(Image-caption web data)
----------
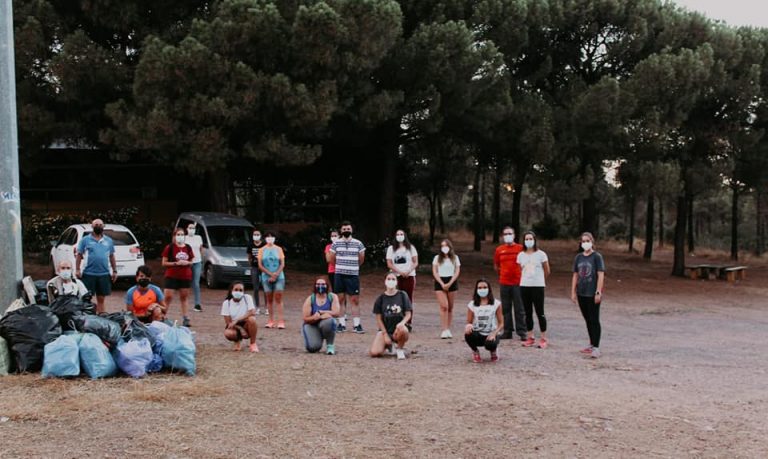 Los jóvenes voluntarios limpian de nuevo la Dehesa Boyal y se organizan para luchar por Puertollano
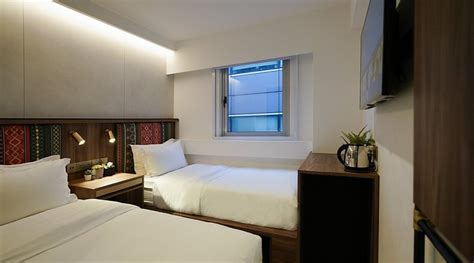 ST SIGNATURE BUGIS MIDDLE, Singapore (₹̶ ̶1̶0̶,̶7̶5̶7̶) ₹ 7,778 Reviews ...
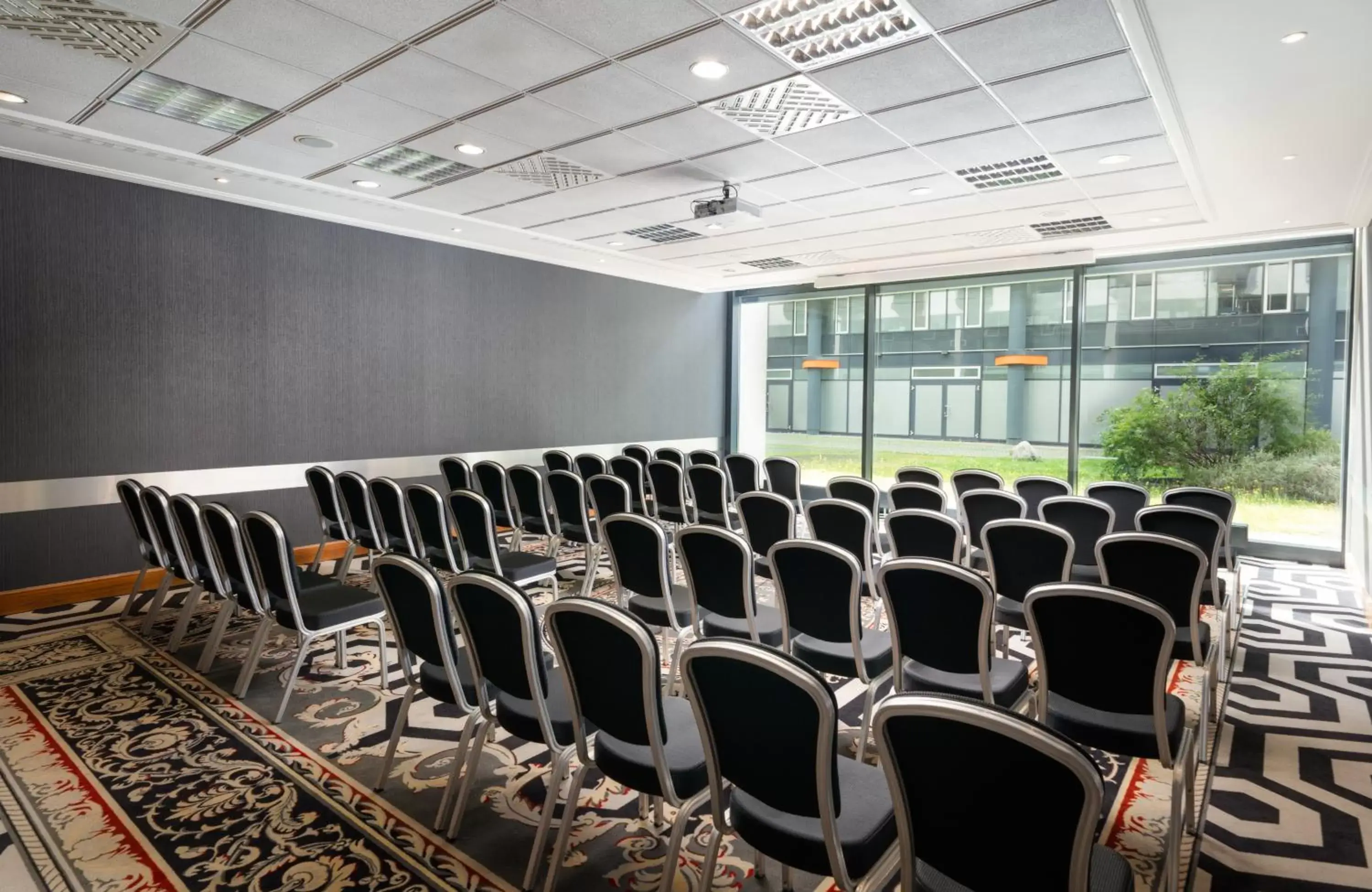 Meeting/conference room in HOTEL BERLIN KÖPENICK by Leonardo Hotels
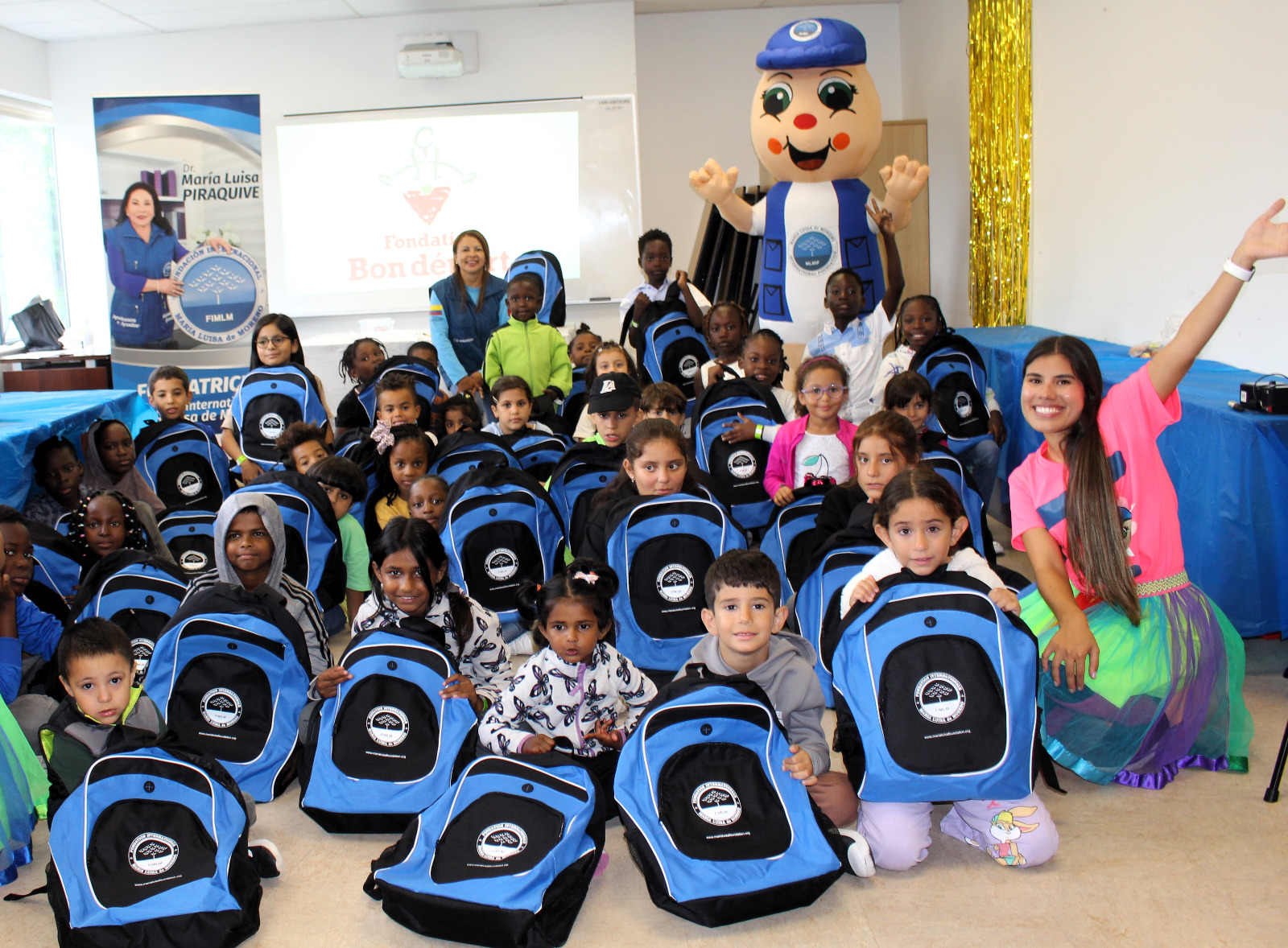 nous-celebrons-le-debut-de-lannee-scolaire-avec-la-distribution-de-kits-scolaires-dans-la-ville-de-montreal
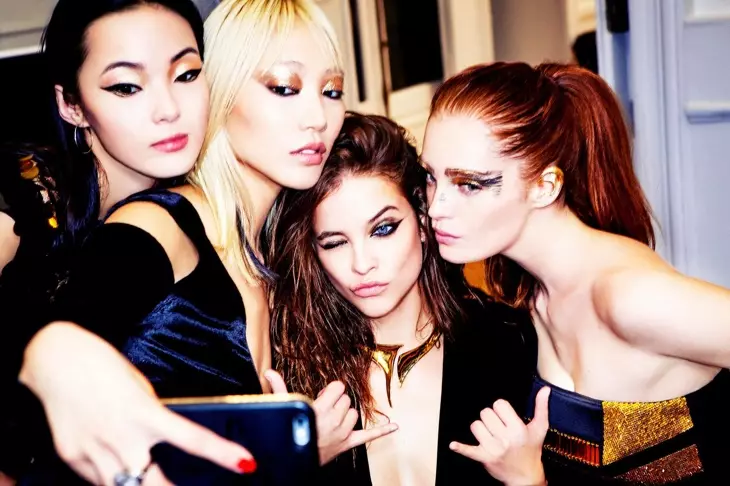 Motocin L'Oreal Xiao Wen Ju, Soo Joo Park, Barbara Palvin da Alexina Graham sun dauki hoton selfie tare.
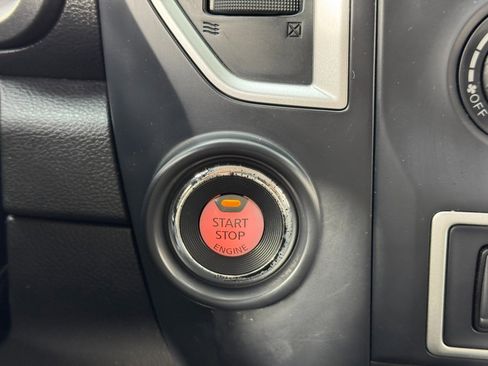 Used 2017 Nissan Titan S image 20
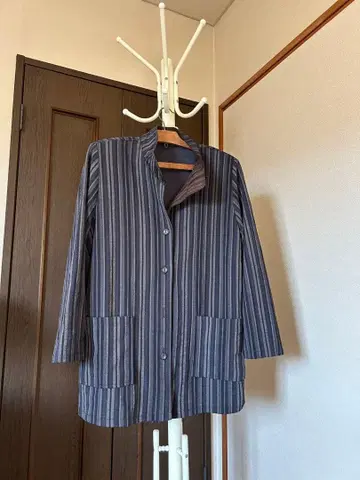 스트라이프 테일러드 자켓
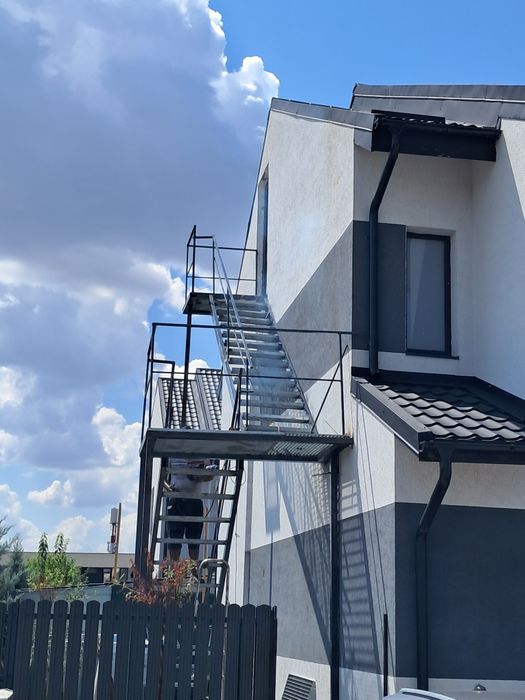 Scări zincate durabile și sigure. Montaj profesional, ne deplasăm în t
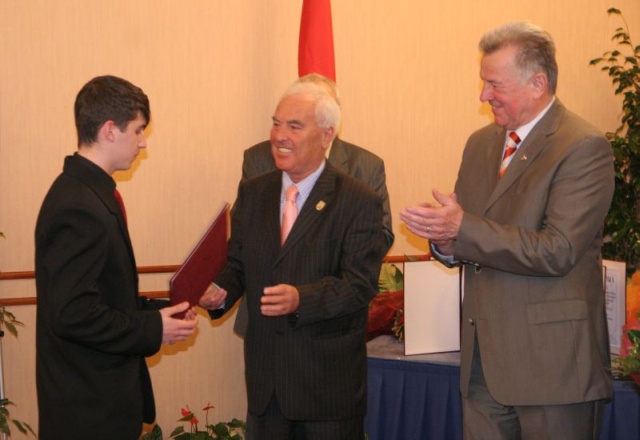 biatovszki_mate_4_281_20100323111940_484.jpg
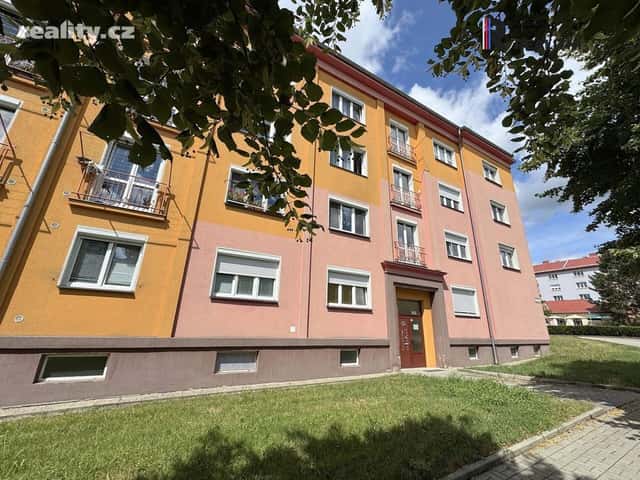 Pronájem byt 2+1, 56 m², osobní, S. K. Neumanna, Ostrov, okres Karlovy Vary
----------
Restate the entries word for word, though any image they contain should not appear.

▸ **Finished exercise**
 Los jóvenes voluntarios limpian de nuevo la Dehesa Boyal y se organizan para luchar por Puertollano
 ST SIGNATURE BUGIS MIDDLE, Singapore (₹̶ ̶1̶0̶,̶7̶5̶7̶) ₹ 7,778 Reviews ...
 Meeting/conference room in HOTEL BERLIN KÖPENICK by Leonardo Hotels
 nous-celebrons-le-debut-de-lannee-scolaire-avec-la-distribution-de-kits-scolaires-dans-la-ville-de-montreal
 Motocin L'Oreal Xiao Wen Ju, Soo Joo Park, Barbara Palvin da Alexina Graham sun dauki hoton selfie tare.
 Used 2017 Nissan Titan S image 20
 스트라이프 테일러드 자켓
 Scări zincate durabile și sigure. Montaj profesional, ne deplasăm în t
 biatovszki_mate_4_281_20100323111940_484.jpg
 Pronájem byt 2+1, 56 m², osobní, S. K. Neumanna, Ostrov, okres Karlovy Vary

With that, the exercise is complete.